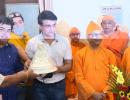 PIX: Ganguly visits Belur Math, donates 2000kgs rice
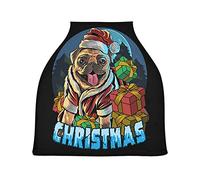 Cadeau De Père Noël Chien Carlin Cubierta de Lactancia Materna Asiento de Bebé Cubierta de Cochecito Transpirable Carros de La Compra Cubierta para Niños Niñas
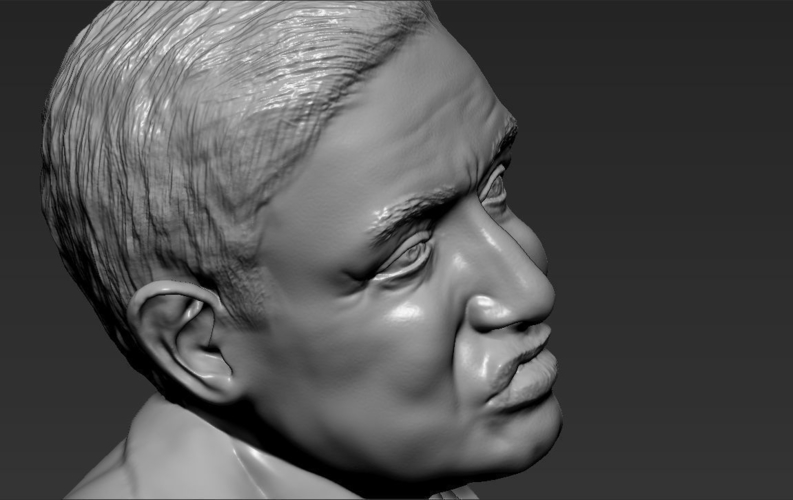 Stephen Hawking bust ready for full color 3D printing 3D Print 230656 Stephen Hawking bust ready for full color 3D printing 3D Print 230656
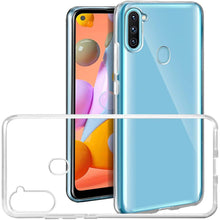 Laden Sie das Bild in den Galerie-Viewer, Verco Handyhülle für Samsung M11 Case, Samsung A11 Handy Cover für Samsung Galaxy M11 Hülle Transparent Dünn Klar Silikon, durchsichtig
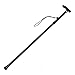 Produktbild Sitzstock Gehstock Wanderstock faltbar höhenverstellbar 84-93cm Trekkingstock, Skistock Multifunktionsstöcke mit Handschlaufen Aluminium Schwarz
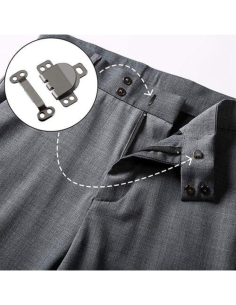 Presilla Invisible Pantalón Cierre Discreto Costura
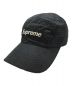 SUPREME（シュプリーム）の古着「Perforated Camp Cap」｜ブラック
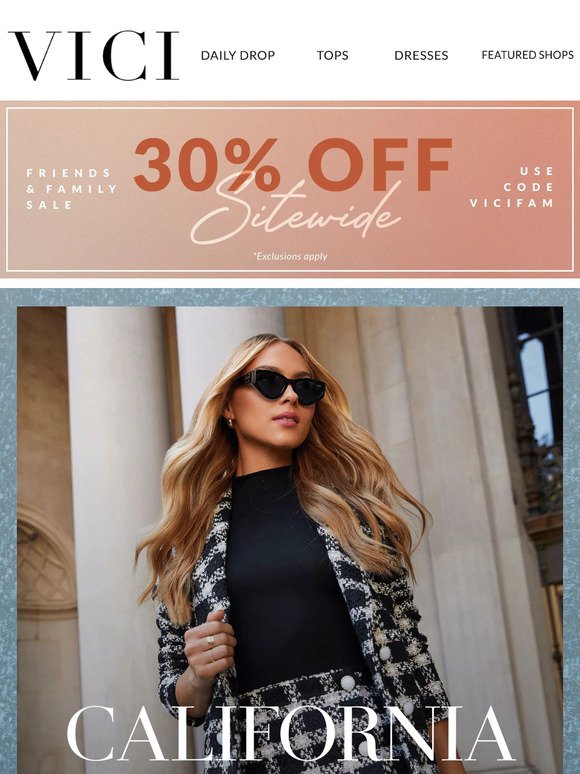 Come Back And Get 30% Off Sitewide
•••••
What to work on: The copy should start at the line that contains "Cadeau De Père", end at the last line of the entries above, and match each line exactly, with pictures dropped.

Task answer:
 Cadeau De Père Noël Chien Carlin Cubierta de Lactancia Materna Asiento de Bebé Cubierta de Cochecito Transpirable Carros de La Compra Cubierta para Niños Niñas
 Stephen Hawking bust ready for full color 3D printing 3D Print 230656 Stephen Hawking bust ready for full color 3D printing 3D Print 230656
 Laden Sie das Bild in den Galerie-Viewer, Verco Handyhülle für Samsung M11 Case, Samsung A11 Handy Cover für Samsung Galaxy M11 Hülle Transparent Dünn Klar Silikon, durchsichtig
 Produktbild Sitzstock Gehstock Wanderstock faltbar höhenverstellbar 84-93cm Trekkingstock, Skistock Multifunktionsstöcke mit Handschlaufen Aluminium Schwarz
 Presilla Invisible Pantalón Cierre Discreto Costura
 SUPREME（シュプリーム）の古着「Perforated Camp Cap」｜ブラック
 Come Back And Get 30% Off Sitewide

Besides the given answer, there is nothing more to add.